- Data extract
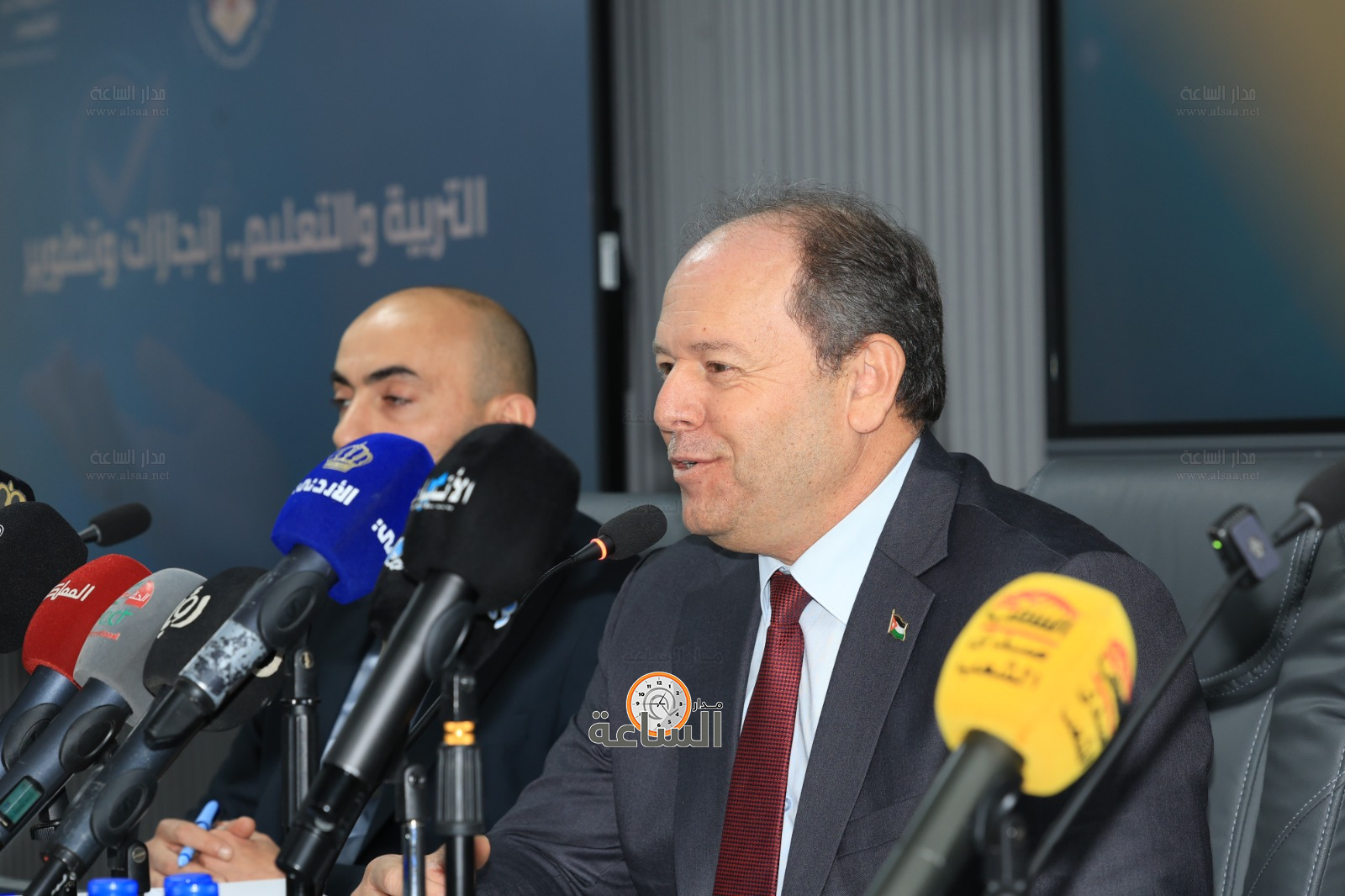 Madar Al-Saa Images 0.5812111062955212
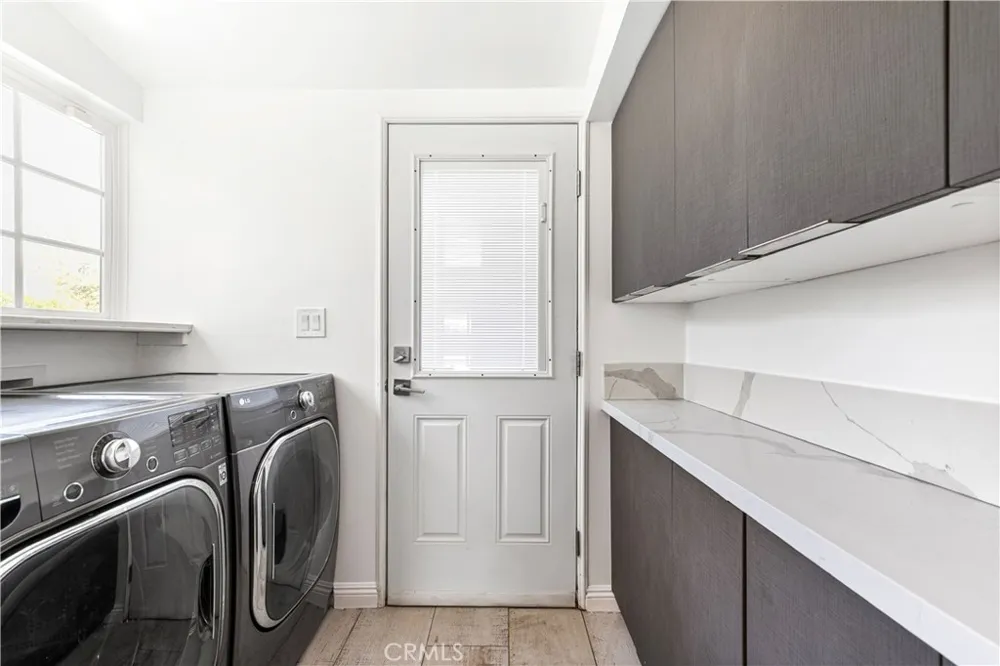 17600 Stare Street Northridge, CA 91325
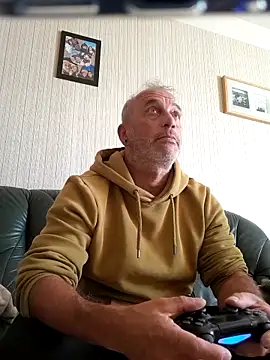 Snapshot of Ptitcouic chatting on October 2025 01:45:02 PM Ptitcouic online show from October 2025 01:45:02 PM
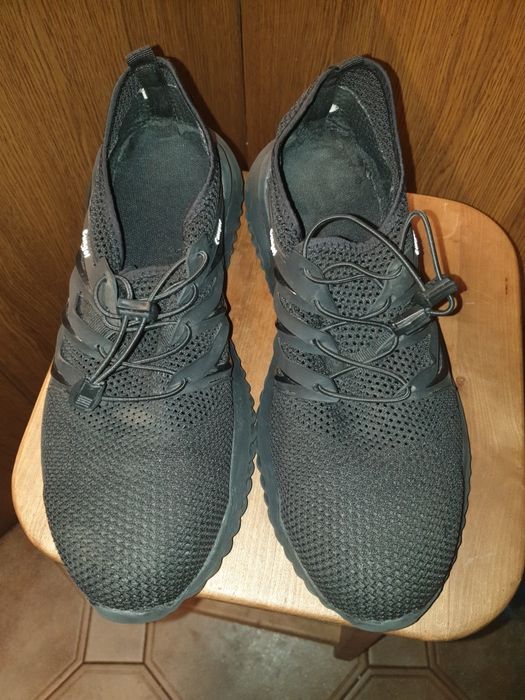 Кроссовки рабочие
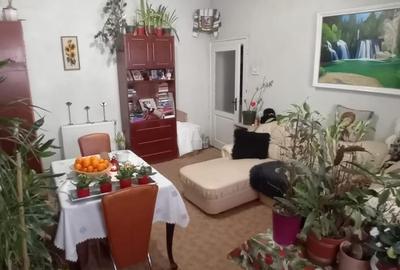 Apartament cu 2 camere decomandat în Central - 2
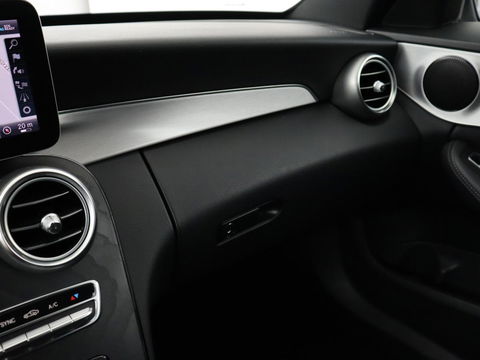 Mercedes-Benz C-Klasse 180 Business Solution AMG | Stoelverwarming | 360 Camera | Trekhaak | Digital Cockpit | Leder/Alcantara | Full LED | Navigatie | Park Assist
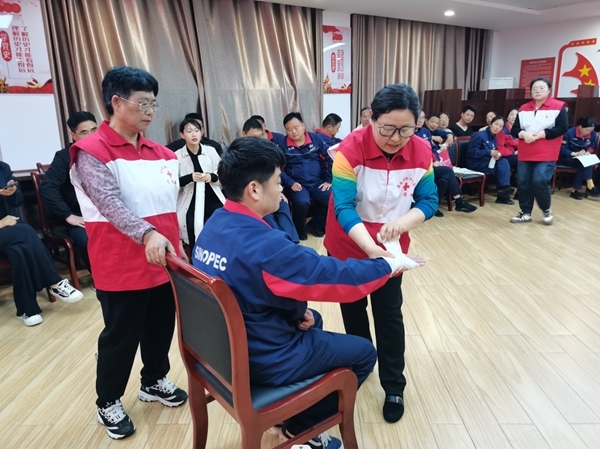 市红十字会为中石化职工再训应急救护3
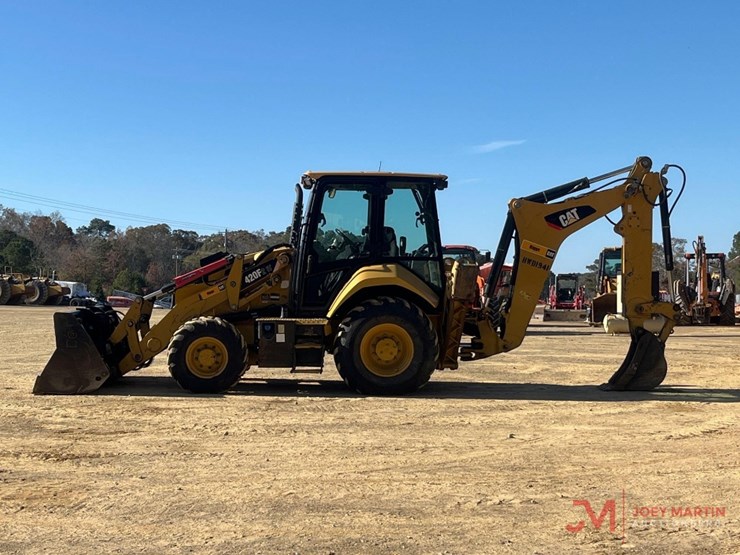 2017-caterpillar-420f-it-image-8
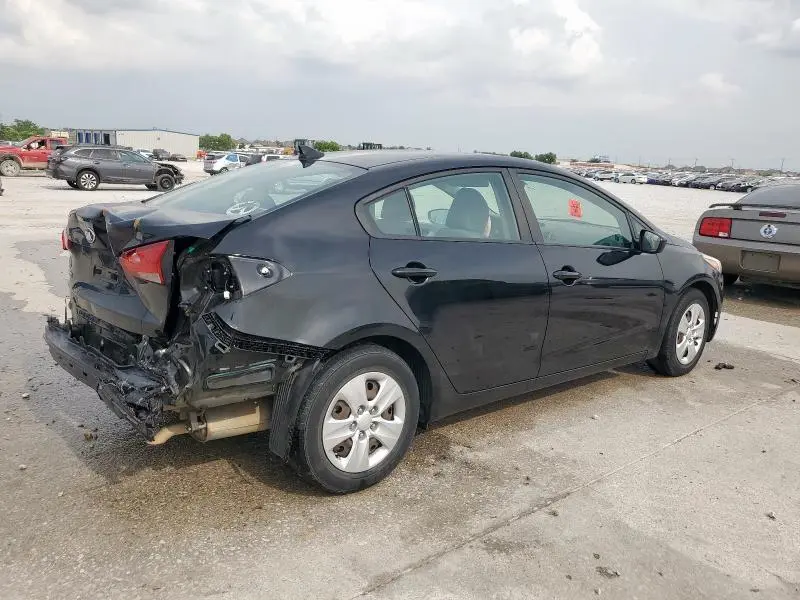 2017 KIA FORTE LX  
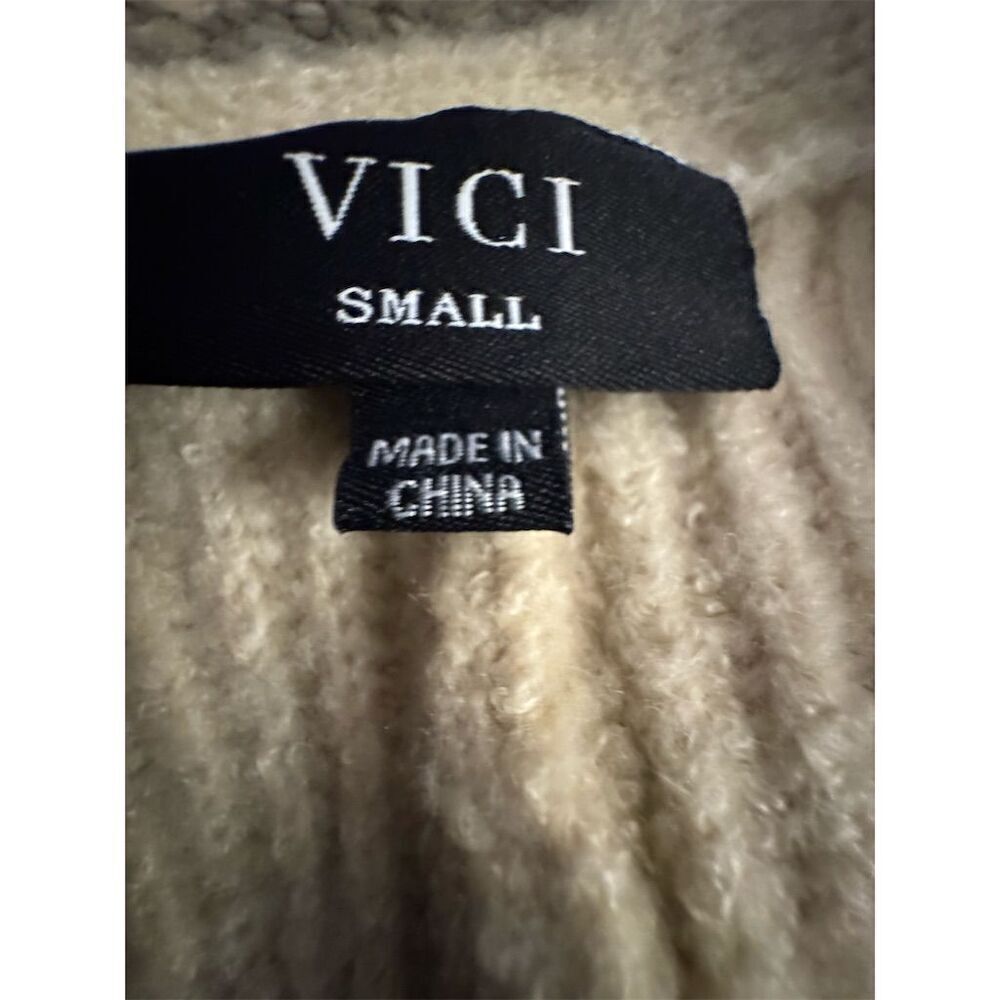 Women's Ivory V-Neck Chunky Knit Sweater Size S Long Sleeve Casual Pullover - Picture 6 of 7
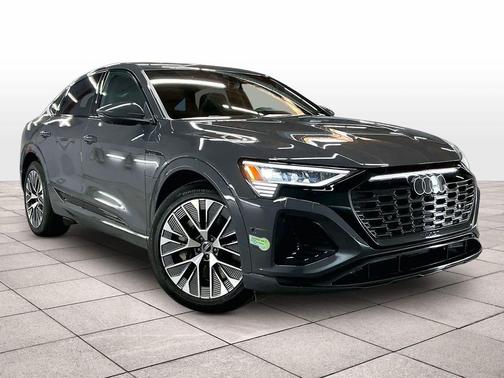 2024 Audi Q8 e-tron Prestige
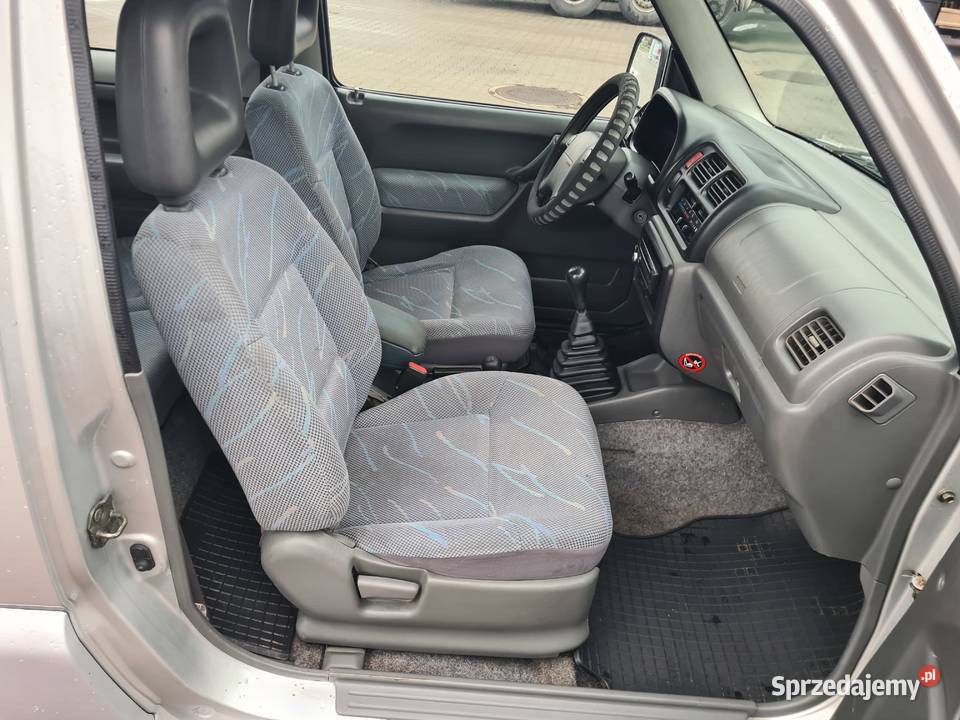 Suzuki Jimny 4x4 13 LPGGAZ 82 Wspomaganie 1300cm3 Bujaków sprzedam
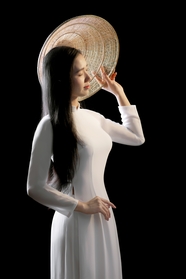 亚洲高挑白色奥黛旗袍美女写真图片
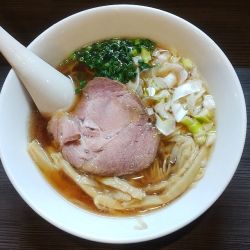 地鶏の醤油らーめん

- Task description
Hand back the data above exactly, with no images.

- Exercise answer
 Madar Al-Saa Images 0.5812111062955212
 17600 Stare Street Northridge, CA 91325
 Snapshot of Ptitcouic chatting on October 2025 01:45:02 PM Ptitcouic online show from October 2025 01:45:02 PM
 Кроссовки рабочие
 Apartament cu 2 camere decomandat în Central - 2
 Mercedes-Benz C-Klasse 180 Business Solution AMG | Stoelverwarming | 360 Camera | Trekhaak | Digital Cockpit | Leder/Alcantara | Full LED | Navigatie | Park Assist
 市红十字会为中石化职工再训应急救护3
 2017-caterpillar-420f-it-image-8
 2017 KIA FORTE LX  
 Women's Ivory V-Neck Chunky Knit Sweater Size S Long Sleeve Casual Pullover - Picture 6 of 7
 2024 Audi Q8 e-tron Prestige
 Suzuki Jimny 4x4 13 LPGGAZ 82 Wspomaganie 1300cm3 Bujaków sprzedam
 亚洲高挑白色奥黛旗袍美女写真图片
 地鶏の醤油らーめん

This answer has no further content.